Elle était considérée comme l'une des plus redoutables unités de combat de l'armée russe. Rattachée à la flotte du Nord, la 200e brigade motorisée surveillait les missiles nucléaires stockés autour du village de Petchenga, situé à quelques kilomètres de la frontière norvégienne, au nord du cercle polaire arctique.
Ces soldats bénéficiaient d'un équipement et d'un entraînement spéciaux pour les conditions arctiques et étaient souvent les premiers à recevoir les équipements les plus avancés de l'armée. En 2017, la brigade a par exemple reçu en primeur les nouveaux chars T-80BVM à peine sortis des chaînes de montage.
La 200e brigade veillait sur les missiles à Petchenga depuis la guerre froide.

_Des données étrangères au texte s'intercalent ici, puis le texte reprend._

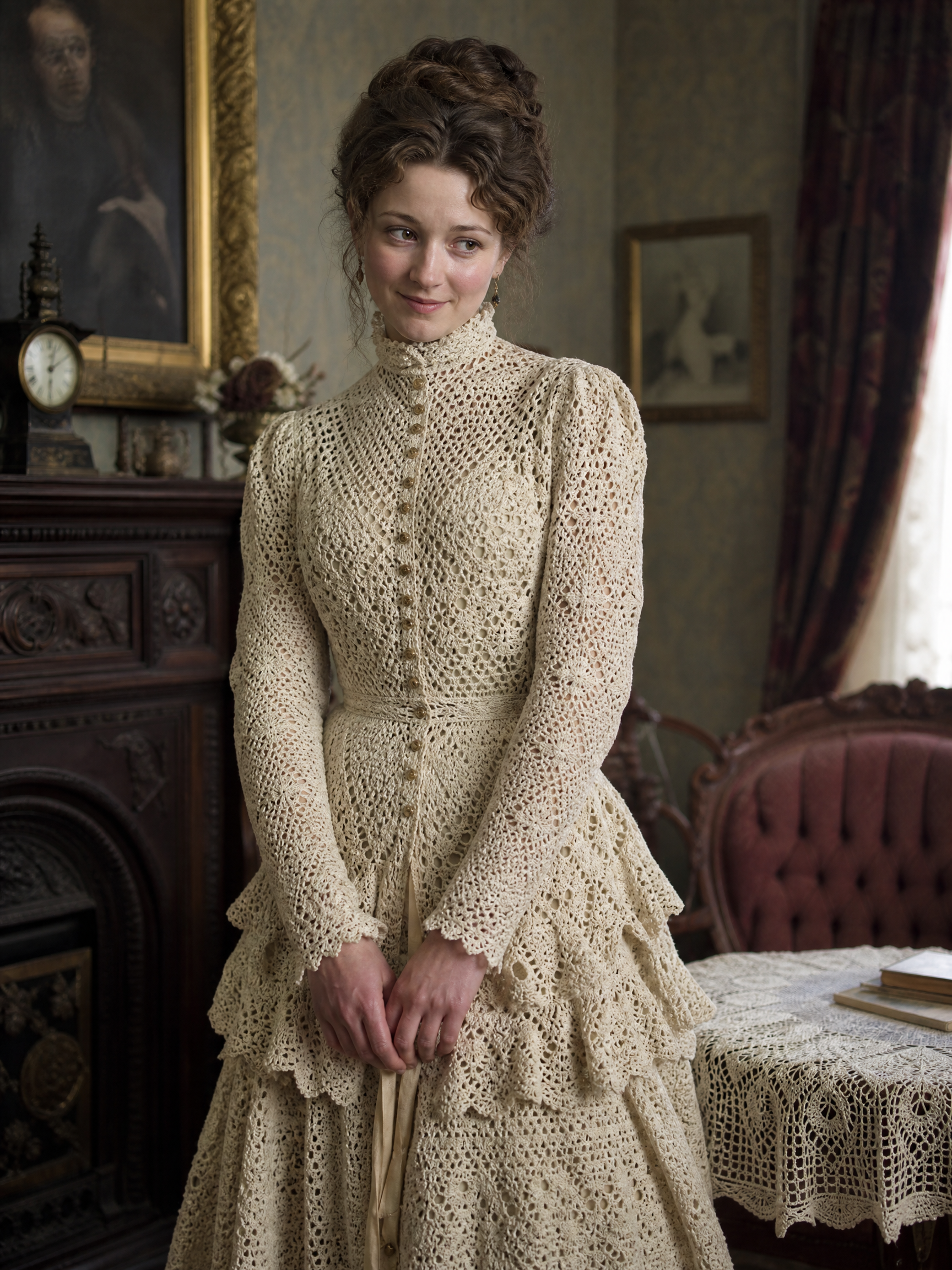 Woman in a cream Victorian crochet lace dress with high collar in a vintage interior.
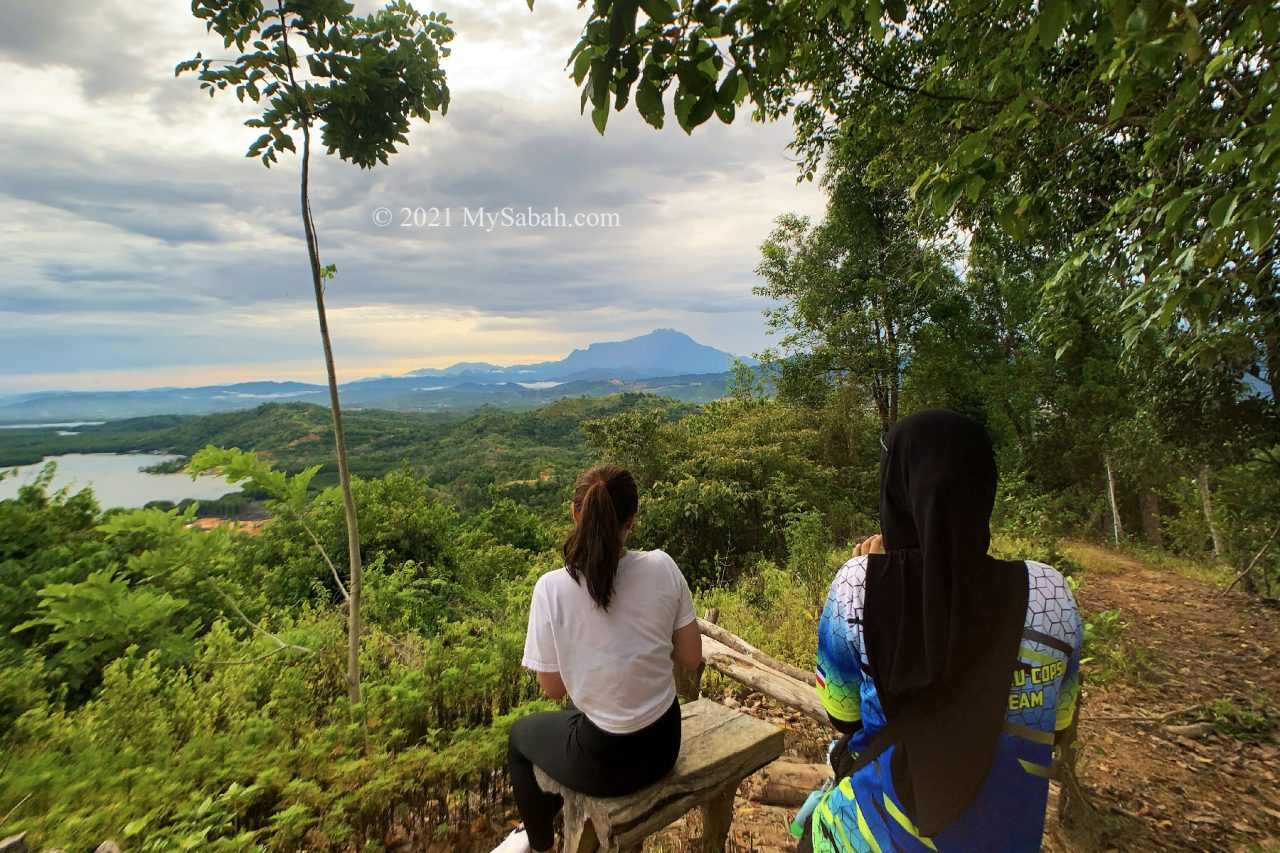 Hikers enjoy the sunrise view of Mount Kinabalu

Et puis elle a été envoyée en Ukraine - où elle a été décimée. C'est ce qu'affirme le Washington post sur la base de documents internes et d'informations inédites fournies par les renseignements ukrainiens et occidentaux, que le journal a pu consulter.
Revenons à février 2022. La 200e brigade a été parmi les premières unités russes envoyées en Ukraine. Elle a participé à l'assaut de Kharkiv. La deuxième ville du pays était l'un des premiers objectifs de Moscou au début de l'invasion.
Mais les choses tournent mal, les troupes russes rencontrent une résistance plus importante que prévu. La 200e brigade en fait les frais, la tâche qui lui est attribuée s'avère être l'une des plus difficiles de l'invasion:
Résultat: à la fin de la première journée de combats, des dizaines de soldats sont tués ou blessés, beaucoup de véhicules sont détruits ou abandonnés.
Assommée par la résistance des Ukrainiens, la 200e brigade passe les semaines suivantes à repousser d'autres attaques tout en se retranchant dans des positions défensives au nord de Kharkiv. C'est au cours de cette période que le commandant de l'unité, le colonel Denis Kourilo, est grièvement blessé, lorsque son véhicule est frappé.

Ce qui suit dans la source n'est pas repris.